◆ Directions for this task ◆
Omit the images and reproduce the rest of the entries exactly.

◆ Stored dataset items ◆

/---

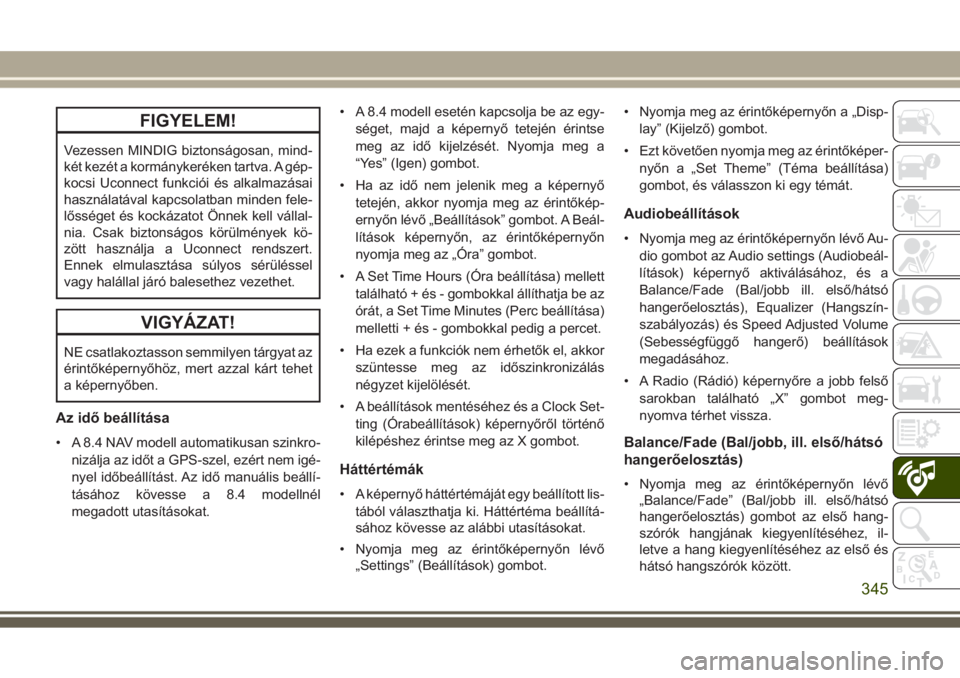 JEEP GRAND CHEROKEE 2017  Kezelési és karbantartási útmutató (in Hungarian) FIGYELEM!
Vezessen MINDIG biztonságosan, mind-
két kezét a kormánykeréken tartva. A gép-
kocsi Uconnect funkciói és alkalmazásai
használatával kapcsolatban minden fele-
lősséget és kock�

\---

◆ Task response ◆
 JEEP GRAND CHEROKEE 2017  Kezelési és karbantartási útmutató (in Hungarian) FIGYELEM!
Vezessen MINDIG biztonságosan, mind-
két kezét a kormánykeréken tartva. A gép-
kocsi Uconnect funkciói és alkalmazásai
használatával kapcsolatban minden fele-
lősséget és kock�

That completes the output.